[Start of Attachment]

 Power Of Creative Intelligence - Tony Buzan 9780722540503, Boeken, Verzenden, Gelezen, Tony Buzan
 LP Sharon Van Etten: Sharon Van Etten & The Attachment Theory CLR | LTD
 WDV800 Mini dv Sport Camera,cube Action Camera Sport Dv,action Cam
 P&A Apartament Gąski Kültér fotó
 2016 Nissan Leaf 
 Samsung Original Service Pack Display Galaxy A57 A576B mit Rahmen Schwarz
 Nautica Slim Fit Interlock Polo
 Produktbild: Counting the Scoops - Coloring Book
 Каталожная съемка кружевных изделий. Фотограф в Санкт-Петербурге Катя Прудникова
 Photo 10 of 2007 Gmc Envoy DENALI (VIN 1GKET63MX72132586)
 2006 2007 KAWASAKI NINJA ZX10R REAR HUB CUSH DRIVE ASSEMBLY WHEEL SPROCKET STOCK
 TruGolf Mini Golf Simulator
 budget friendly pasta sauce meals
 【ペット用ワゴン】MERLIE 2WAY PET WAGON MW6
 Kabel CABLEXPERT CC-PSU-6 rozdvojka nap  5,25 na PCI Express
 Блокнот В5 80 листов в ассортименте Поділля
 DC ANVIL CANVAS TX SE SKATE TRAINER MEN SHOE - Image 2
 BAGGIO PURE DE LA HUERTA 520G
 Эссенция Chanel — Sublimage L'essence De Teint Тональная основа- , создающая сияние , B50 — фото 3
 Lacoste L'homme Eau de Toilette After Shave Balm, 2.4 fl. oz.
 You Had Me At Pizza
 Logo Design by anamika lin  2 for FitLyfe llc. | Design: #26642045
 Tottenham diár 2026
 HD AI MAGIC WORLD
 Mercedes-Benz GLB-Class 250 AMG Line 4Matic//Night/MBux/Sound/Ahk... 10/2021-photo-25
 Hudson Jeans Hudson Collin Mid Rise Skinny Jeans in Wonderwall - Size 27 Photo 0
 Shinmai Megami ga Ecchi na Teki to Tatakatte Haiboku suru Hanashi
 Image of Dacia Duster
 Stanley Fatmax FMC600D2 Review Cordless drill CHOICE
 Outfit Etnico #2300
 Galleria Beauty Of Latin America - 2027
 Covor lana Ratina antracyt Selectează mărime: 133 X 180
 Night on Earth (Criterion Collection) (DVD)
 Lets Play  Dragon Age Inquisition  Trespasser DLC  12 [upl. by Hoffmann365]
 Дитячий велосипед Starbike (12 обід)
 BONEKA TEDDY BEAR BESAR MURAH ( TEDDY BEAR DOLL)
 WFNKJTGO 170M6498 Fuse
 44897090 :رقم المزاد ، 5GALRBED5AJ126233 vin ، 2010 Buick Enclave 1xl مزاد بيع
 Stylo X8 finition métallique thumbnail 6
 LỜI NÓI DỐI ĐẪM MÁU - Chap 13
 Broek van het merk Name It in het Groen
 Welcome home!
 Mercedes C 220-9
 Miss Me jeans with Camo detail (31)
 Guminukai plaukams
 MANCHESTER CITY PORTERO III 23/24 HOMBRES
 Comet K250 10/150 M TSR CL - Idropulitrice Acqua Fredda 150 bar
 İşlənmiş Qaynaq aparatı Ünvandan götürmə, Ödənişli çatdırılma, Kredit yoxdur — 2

[End of Attachment]

▶ [EXERCISE]: What you output must be the lines from the opening of the material above up to and including the line with "2016 Nissan Leaf", reproduced exactly.

▶ [EXERCISE RESULT]:
 Power Of Creative Intelligence - Tony Buzan 9780722540503, Boeken, Verzenden, Gelezen, Tony Buzan
 LP Sharon Van Etten: Sharon Van Etten & The Attachment Theory CLR | LTD
 WDV800 Mini dv Sport Camera,cube Action Camera Sport Dv,action Cam
 P&A Apartament Gąski Kültér fotó
 2016 Nissan Leaf 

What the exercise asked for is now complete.